Out of the hectic pace of everyday life and into the tranquillity of the space. Visitors immediately notice how pleasant the atmosphere of consciously simple, sacred architecture can be. After crossing the yard with its inviting view of the orchard, and entering through the spacious foyer, one senses life’s burdens sliding away to making room for quiet retreat.
This effect was accomplished by Stuttgart-based architects Ackermann+Raff through a design inspired by the topography of the area. The shape of the roof follows the slope of the surrounding hill; towards the road, the voluminous structure forms a striking high point. From the inside, the outer form can be perceived in the steep rise of the ceiling toward the altar. A ribbon of windows high atop the walls and skylights in the colour-graded ceiling create an ethereal lighting atmosphere. East-facing square windows with deep wooden frames project lighting accents throughout the room.
The new building of the New Apostolic Church will offer 250 regular visitors from three congregations space for worship and church work. Various sanitary and multi-purpose rooms are accessible from the central foyer, two of which can be combined to form a larger hall if required. The church is visible from the sacristy through a glass partition, so that families with small children can follow the proceedings in a somewhat secluded acoustic setting.
Another important reason that the church is so inviting lies in the limited selection of materials used in its construction. Builders and architects enhanced the coloured lightweight concrete structure with local, partly untreated Swabian oak, the same wood crafted by a regional carpenter's workshop into the church’s tasteful pews and square windows. The 25-centimeter-thick concrete floor slab and underfloor heating system are covered with smoked oak flooring in the nave, and polished concrete in the vestibule provides a successful contrast to the high, bright exposed concrete walls and the sweeping acoustic ceiling with its delicate colour gradient.
The New Apostolic Church has already constructed many modern Béton brut buildings to replace dilapidated post-war structures. Stephan Pfäffle, representative for the project in Pliezhausen, is himself an architect. He and Johannes Weiß from architects Ackermann+Raff chose lightweight concrete with a delicate, earthy beige tone through an admixture of 1.5 percent pigments. The cement for the selected concrete comes from HeidelbergCement’s Lengfurt plant. Construction company Adolf List from Reutlingen carried out the construction work. Together with seven experienced concrete builders, site manager Klaus Schäfer succeeded in creating the light concrete walls with a formwork measuring 2.40 x 2.70 metres, as well as the surface finish desired by the architect and customer. Achieving quality to match the large sample walls required great efforts given the hot summer of 2015.

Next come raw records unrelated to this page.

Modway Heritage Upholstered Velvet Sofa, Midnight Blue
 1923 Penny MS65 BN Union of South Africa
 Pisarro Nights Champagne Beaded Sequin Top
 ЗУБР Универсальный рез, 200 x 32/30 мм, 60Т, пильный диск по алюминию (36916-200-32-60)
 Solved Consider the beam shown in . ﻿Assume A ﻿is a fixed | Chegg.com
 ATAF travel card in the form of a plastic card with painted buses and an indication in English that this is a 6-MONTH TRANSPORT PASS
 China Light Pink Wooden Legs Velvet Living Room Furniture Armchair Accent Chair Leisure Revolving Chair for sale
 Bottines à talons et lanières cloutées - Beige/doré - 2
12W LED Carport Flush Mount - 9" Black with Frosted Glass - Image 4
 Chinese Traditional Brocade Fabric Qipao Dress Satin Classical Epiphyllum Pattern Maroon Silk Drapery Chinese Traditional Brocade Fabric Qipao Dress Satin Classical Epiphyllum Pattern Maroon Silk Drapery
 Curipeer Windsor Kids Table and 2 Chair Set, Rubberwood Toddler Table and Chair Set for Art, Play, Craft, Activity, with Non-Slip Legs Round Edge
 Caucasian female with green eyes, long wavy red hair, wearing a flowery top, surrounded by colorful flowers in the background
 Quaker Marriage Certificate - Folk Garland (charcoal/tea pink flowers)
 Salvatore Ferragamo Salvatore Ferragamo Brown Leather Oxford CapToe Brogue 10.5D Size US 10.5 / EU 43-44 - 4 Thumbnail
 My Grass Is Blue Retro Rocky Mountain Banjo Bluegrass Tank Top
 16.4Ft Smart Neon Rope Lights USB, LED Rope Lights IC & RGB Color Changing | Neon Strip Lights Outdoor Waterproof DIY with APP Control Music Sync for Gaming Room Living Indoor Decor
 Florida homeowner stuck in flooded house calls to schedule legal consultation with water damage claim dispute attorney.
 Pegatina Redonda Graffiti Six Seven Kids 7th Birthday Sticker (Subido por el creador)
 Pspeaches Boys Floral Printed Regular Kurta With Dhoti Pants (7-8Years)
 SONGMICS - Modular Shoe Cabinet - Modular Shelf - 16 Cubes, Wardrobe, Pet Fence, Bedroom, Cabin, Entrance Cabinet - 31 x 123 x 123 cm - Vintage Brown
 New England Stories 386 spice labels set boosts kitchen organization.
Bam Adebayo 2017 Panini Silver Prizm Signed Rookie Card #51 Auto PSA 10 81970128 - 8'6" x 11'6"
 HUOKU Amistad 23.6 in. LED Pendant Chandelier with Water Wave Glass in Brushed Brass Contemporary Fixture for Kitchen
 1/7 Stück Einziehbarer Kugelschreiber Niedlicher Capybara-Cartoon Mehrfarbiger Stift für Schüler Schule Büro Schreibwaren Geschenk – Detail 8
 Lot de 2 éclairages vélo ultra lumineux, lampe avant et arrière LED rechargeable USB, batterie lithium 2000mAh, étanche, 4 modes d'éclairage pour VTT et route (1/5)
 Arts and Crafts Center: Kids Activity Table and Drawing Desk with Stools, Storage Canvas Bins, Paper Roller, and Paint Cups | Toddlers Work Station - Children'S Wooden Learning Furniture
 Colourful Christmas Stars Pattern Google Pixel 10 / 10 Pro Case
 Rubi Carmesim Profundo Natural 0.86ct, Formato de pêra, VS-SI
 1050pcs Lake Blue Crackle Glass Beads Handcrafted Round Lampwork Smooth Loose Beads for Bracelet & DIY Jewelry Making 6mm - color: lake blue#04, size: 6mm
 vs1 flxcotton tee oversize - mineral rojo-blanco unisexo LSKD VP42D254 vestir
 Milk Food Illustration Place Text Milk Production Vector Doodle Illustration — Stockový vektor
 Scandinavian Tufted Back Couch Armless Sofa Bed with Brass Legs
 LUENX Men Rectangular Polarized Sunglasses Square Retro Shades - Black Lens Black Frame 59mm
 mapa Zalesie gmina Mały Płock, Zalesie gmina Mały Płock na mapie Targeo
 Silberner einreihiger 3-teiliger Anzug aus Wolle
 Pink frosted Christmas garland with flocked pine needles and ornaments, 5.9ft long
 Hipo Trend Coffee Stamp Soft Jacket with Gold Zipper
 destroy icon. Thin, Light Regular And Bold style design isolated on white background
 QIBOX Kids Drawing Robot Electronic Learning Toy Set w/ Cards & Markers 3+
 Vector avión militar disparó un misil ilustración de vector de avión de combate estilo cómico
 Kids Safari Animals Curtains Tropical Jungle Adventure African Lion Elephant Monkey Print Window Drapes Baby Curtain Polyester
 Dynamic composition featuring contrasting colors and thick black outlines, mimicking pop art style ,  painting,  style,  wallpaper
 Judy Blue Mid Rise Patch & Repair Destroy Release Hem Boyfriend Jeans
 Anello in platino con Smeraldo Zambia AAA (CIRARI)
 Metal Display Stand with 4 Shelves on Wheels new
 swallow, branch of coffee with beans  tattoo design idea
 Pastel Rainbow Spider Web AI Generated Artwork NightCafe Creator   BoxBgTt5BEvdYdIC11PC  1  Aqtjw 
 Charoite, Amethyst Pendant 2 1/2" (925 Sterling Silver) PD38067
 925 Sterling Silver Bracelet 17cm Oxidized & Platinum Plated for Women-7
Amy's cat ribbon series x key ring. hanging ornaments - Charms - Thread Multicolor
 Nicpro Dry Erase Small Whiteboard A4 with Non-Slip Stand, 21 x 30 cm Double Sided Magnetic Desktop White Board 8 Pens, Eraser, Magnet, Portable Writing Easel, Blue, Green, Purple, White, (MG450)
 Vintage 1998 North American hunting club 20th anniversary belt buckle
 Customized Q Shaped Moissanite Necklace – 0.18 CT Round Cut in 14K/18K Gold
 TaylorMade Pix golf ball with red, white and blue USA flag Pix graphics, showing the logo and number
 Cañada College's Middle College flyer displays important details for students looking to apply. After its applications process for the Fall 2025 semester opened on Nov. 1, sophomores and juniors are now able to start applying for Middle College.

“We had to keep the formwork covered against the heat and cool down the mixers,” said Schäfer. Karl-Heinz Baur of nearby ready-mixed concrete company Wenzelburger, which produced the concrete, also recalls that targeted vibration was required for compaction of the walls, which are up to eight meters high. “For such a special project, the cooperation has to be right,” says site manager Schäfer. All those involved in the construction work had nothing but praise for the coordinated effort. And, the Exposed Concrete Team proved just how indispensable it is when facing challenging projects like this one.